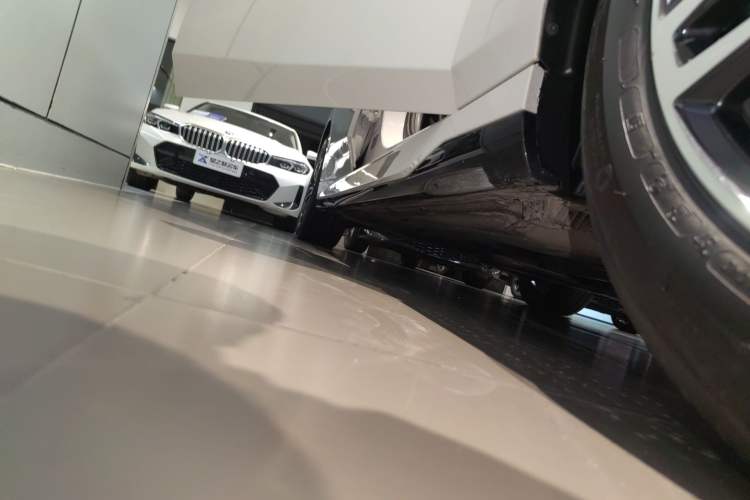 Used BMW 5 Series 2025 530Li Leading Model M Sport Package Right Side Sill
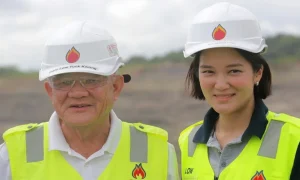 Bayan Resources, Low Tuck Kwong, Elaine Low
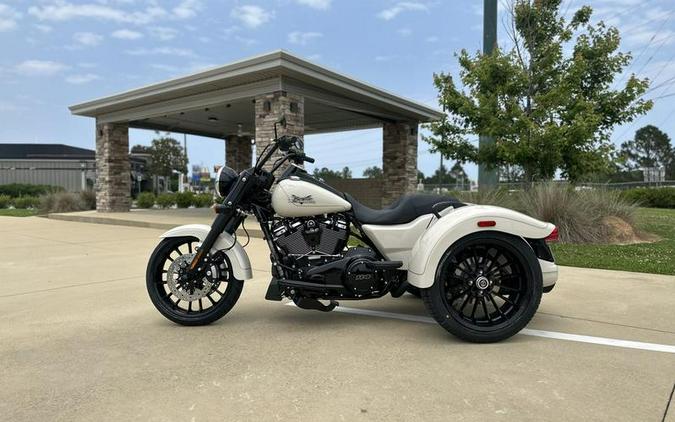 2023 Harley-Davidson® FLRT - Freewheeler®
=======
◆ **What this task involves**: Repeat the material exactly, without images.

◆ **Response area**:
 Used BMW 5 Series 2025 530Li Leading Model M Sport Package Right Side Sill
 Bayan Resources, Low Tuck Kwong, Elaine Low
 2023 Harley-Davidson® FLRT - Freewheeler®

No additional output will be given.